Summary of the case: Shi Mouyu used his position to illegally receive approximately 6.08 million RMB in assets from other companies during cooperation initiatives involving virtual currency rewards. Additionally, he leveraged his position in joint virtual currency operations between two companies to convert cryptocurrency from multiple company accounts into cash and transfer it to personal bank accounts under his control, thereby illegally appropriating about 3.66 million RMB in company assets.
Ultimately, the Haidian District Court in Beijing convicted Shi Mouyu of both bribery of non-state functionaries and embezzlement, imposing a combined sentence of 12 years in prison.
Conclusion
Last December, rumors spread that Binance and other major cryptocurrency exchanges had begun intensively investigating internal corruption. The recent exposure of a “front-running” incident involving a Binance employee is just a drop in the ocean of issues within the crypto industry. Due to the lack of stringent oversight comparable to traditional finance or securities institutions, insider trading, collusion between exchange staff and market makers or project teams, and similar misconduct occur frequently in centralized crypto organizations. Yet, the cost of such violations remains low, and investigations are difficult—unless basic mistakes are made. From a defense lawyer’s standpoint, there is relatively broad room to defend against charges of crypto-related embezzlement or bribery of non-state functionaries.

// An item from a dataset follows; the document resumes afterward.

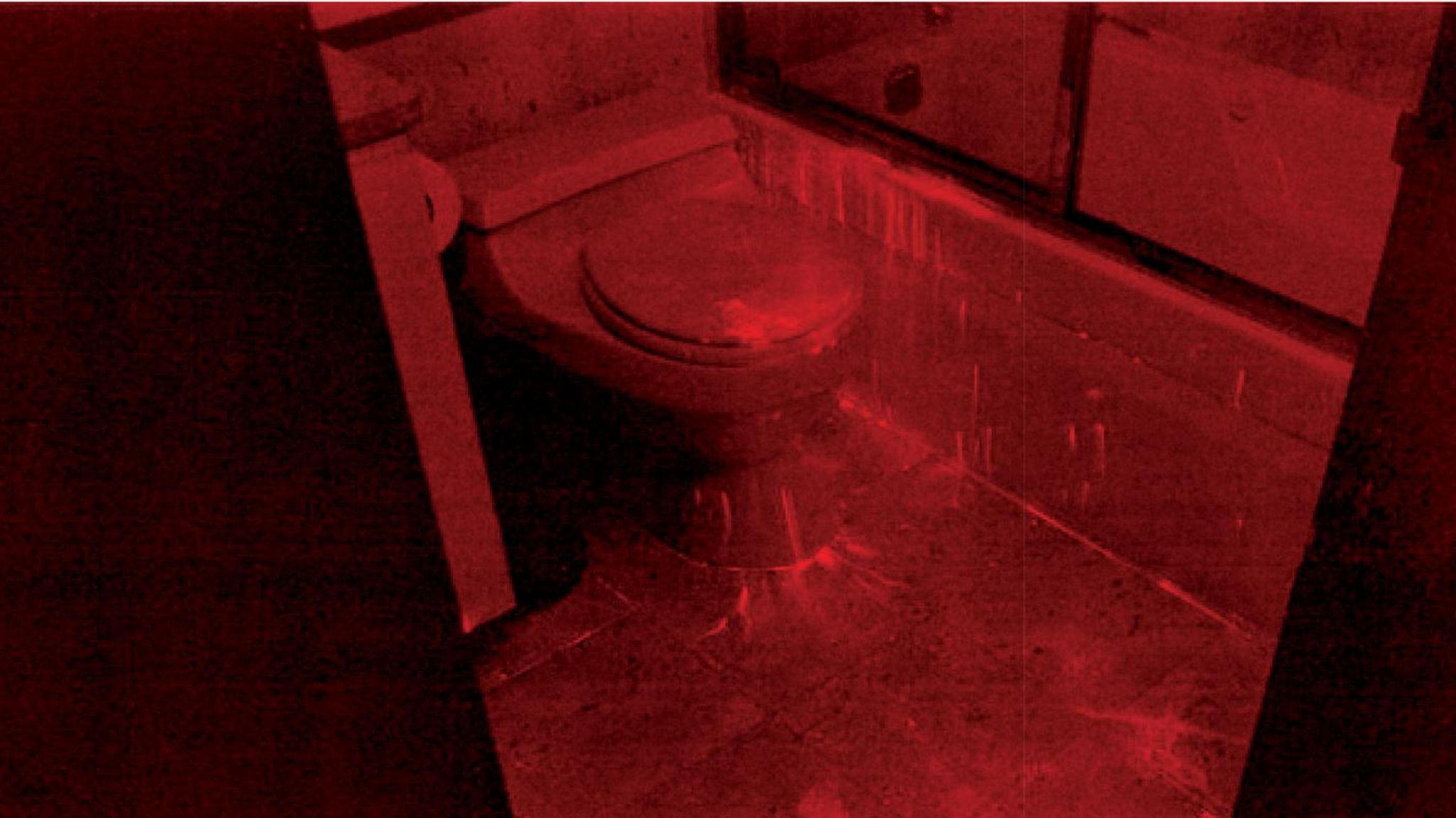 Foto einer Toilette nach der Spurensicherung. Das Bild ist rot eingefärbt
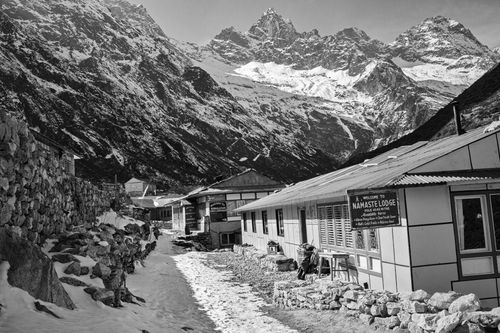 Free Scenic view of a Himalayan village in Nepal with snow-capped mountains in black and white. Stock Photo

However, judging from actions taken by major players like Binance and OKX, the crackdown on internal corruption will only intensify in the future. Coupled with increasingly strict web3 compliance regulations in jurisdictions such as Singapore and Hong Kong, Attorney Liu believes that internal compliance standards at cryptocurrency exchanges and other crypto firms will gradually converge with—and even evolve beyond—those of traditional internet companies.